If we take, for starters, all outstanding corporate debt in the United States and compare this grand total with U.S. gross domestic product (GDP), we are in for a stunning surprise: the relative indebtedness of corporations was never as high as today. Corporate debt already amounts to forty-six per cent of GDP, more than on the onset of the 2001 dotcom bubble and the Great Recession of 2008.
Yet even though corporate debt levels are at record highs, interest rates appear to pay no attention to this worrying fact. Just keep in mind how astonishing the recent tendency is: at the end of 1990s, corporate debt rose to incredible highs, but was followed by higher interest rates. In 2007 this tendency was even clearer: corporate debts rose to similar heights as in the late 1990s, after which interest rates also rose sharply.
All this makes sense. Any given company takes on more debt? Then the risk of default increases. Leverage has an important downside, that is, default becomes more probable. This is also the basic idea behind the beta in the financial capital asset pricing model (CAPM): a company with leverage (which gives us a levered beta different from an unlevered beta) implies that the company will do better when everything goes well, but also implies a greater risk when things go less well. All other things equal, it should be clear that with higher debt interest rates ought to rise as compensation for the increased risk. A larger debt load means that more money is needed to cover interest expenses. As a result, less margin for safety for a business that faces a rough patch.
Oddly, this logic does not appear to apply this time around. But remember: the most dangerous words uttered on the stock market are probably the words “this time is different.” Corporate yields go down, despite the fact that corporate debt is heading higher.
In any period of economic exuberance (a boom) we can observe the following tendencies:
- Long-term interest rates decline more than short-term interest rates, the yield curve spread begins to narrow over the course of a boom;
- Interest rates on sovereign debt in emerging markets decline more than rates on US Treasuries;
- Corporate interest rates drop more than government interest rates;
- Interest rates on risky debt drop more than on “risk free” debt;
- Interest rates on corporate debt with low credit ratings drop more than on corporate debt with high credit ratings
Here we went – in a somewhat logical sequence – from one to five. Point five in particular is interesting. In the bond universe, we distinguish between two types of debt:
- “Investment grade”
Creditworthy debt with credit ratings ranging from AAA (the Dutch government, for instance, has a triple A rating) to BBB.
- “Non-investment grade” or “junk”
Risky paper (besides colloquially being called junk, also called high yield) that is less creditworthy (that is, the risk of default is higher), with credit ratings ranging from BB to D (the ugly ducklings of this world).
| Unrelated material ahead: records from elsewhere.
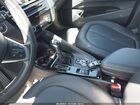 2016 Bmw X1 Xdrive28i Серый vin: WBXHT3C34G5E49430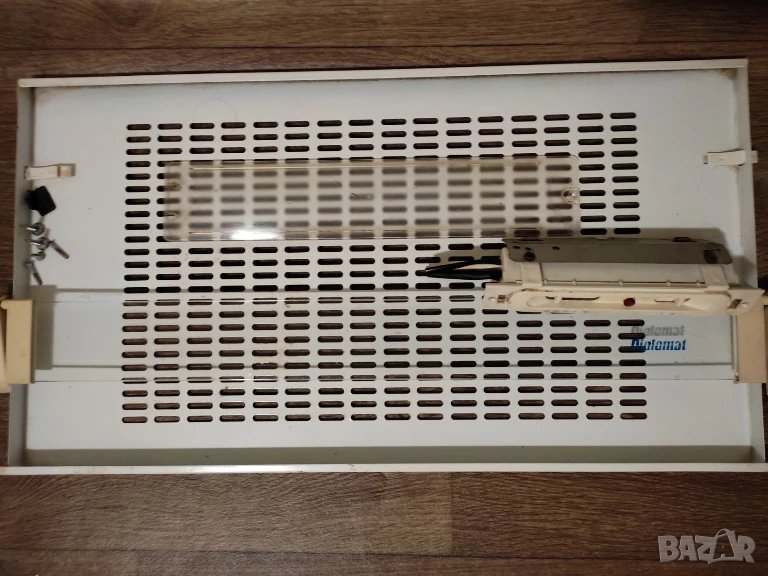 Резервни части за аспиратор Diplomat, снимка 1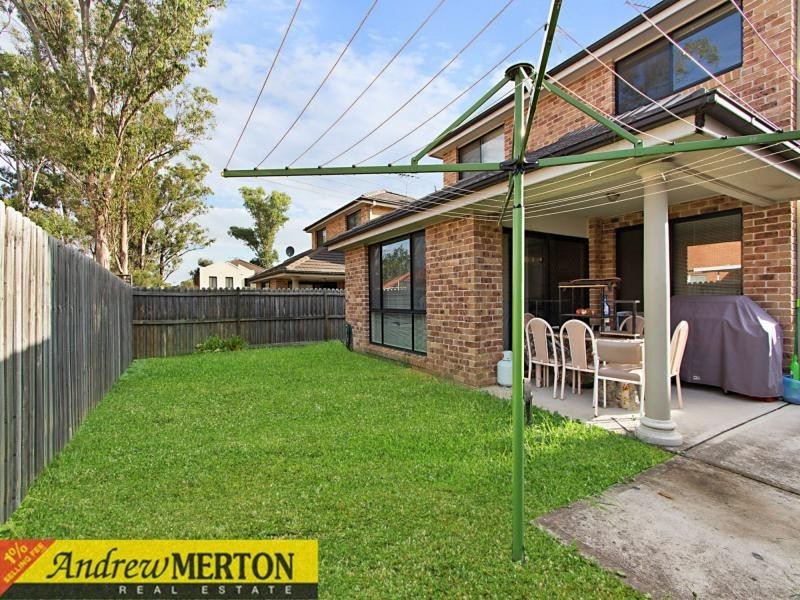 47 Bonoccordo Road, Quakers Hill NSW 2763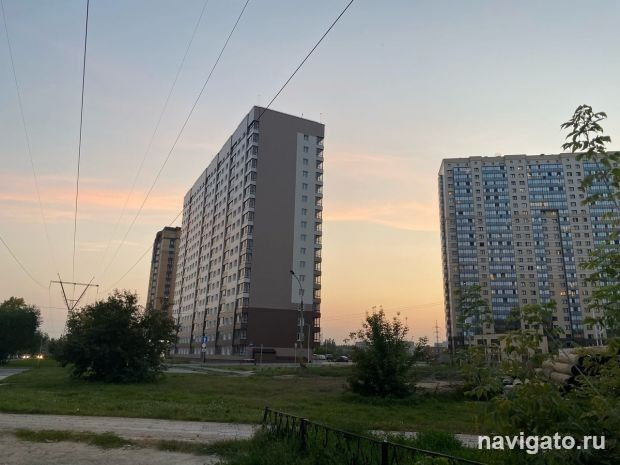 Временное перекрытие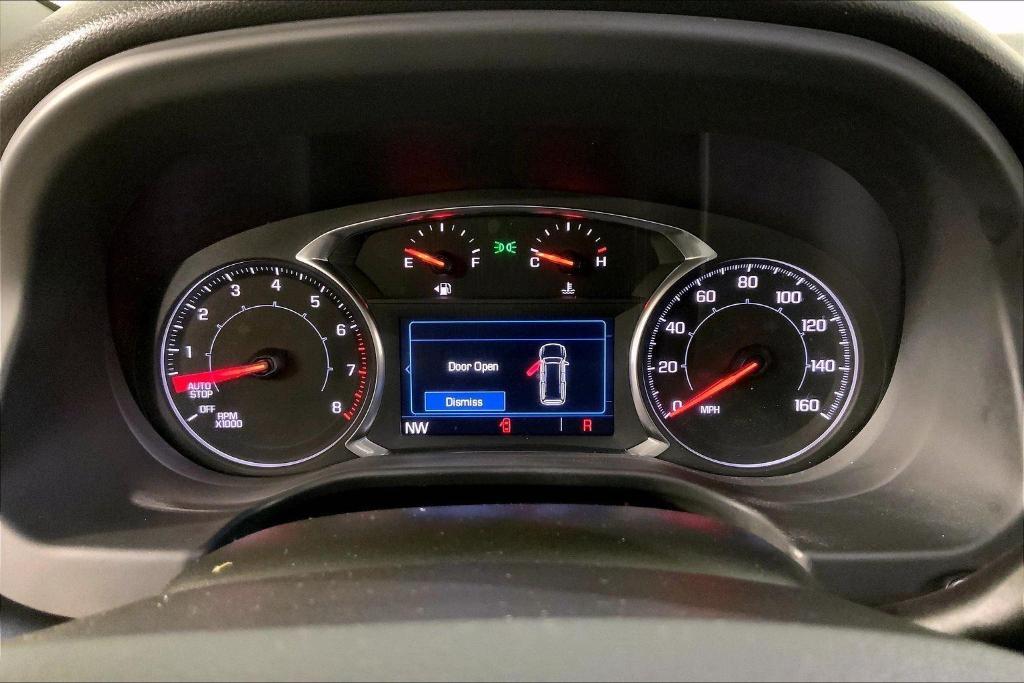 used 2023 GMC Acadia car, priced at $28,000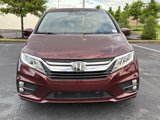Certified 2019 Honda Odyssey EX-L image 3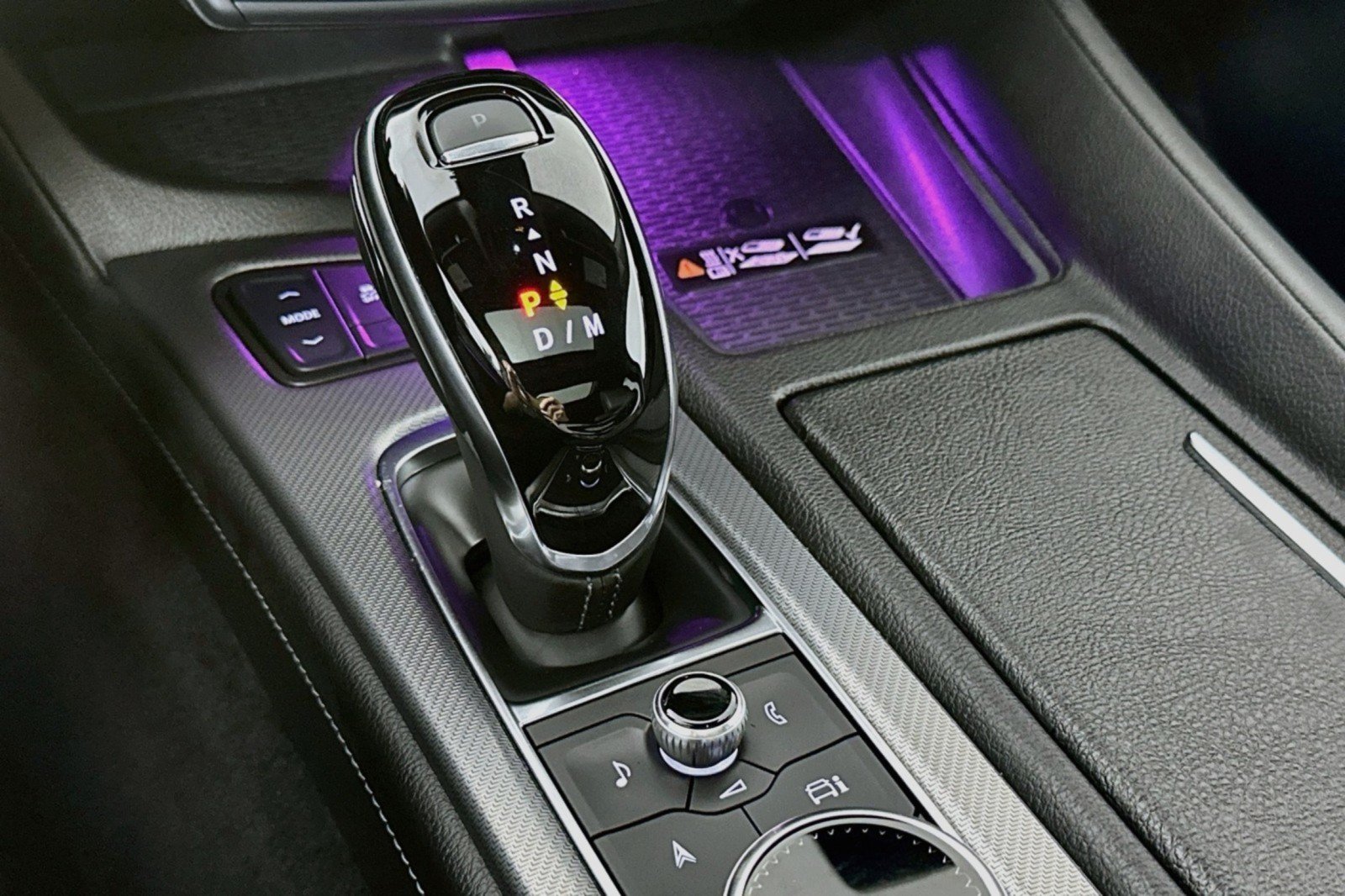 Used 2025 Cadillac CT5 Premium Luxury w/ Sun And Sound Package AWD/4WD image 7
Now, many investors – institutional investors – are limited on bond markets to investing in “investment grade” paper. Take a random institutional fund – say KLM’s general pension fund. The managers of this fund are statutory limited to investing in “investment grade” paper. And they are certainly not the only ones. Better yet, they are the rule and not the exception.
Yet it is the case that the amount of BBB-graded corporate debt is enormous. So enormous that there is two and a half times as much BBB debt as “non-investment grade” or “junk” debt. Only during the dotcom bubble we reached the same level of insanity. In 2007 – 2008, there was “only” 1.5 times as much investment-grade BBB debt as junk debt.
What are the consequences of all this? Simple. As soon as this BBB-graded corporate debt is downgraded, many investors will be forced to give up on these bonds and they will have no other option than selling them. KLM’s pension fund, for instance, will be forced to sell this riskier paper and to buy other, investment grade assets.
This brings us to situation in which – to draw a parallel – someone in a filled theater screams that there is a fire, at which everybody panics and tries to force their way out through a much too small exit. Rates on riskier paper will go up to dazzling heights, with all the consequences this move would entail. This is how the beginning of the next recession will probably look like.
The above charts show that there are troubles below the surface. Do not let your impatience get the best of you. Yes, gold prices fell toward $1200 per troy ounce. But gold appears to the most reasonable alternative in a world filled with dangerous bond and perfectly priced stocks.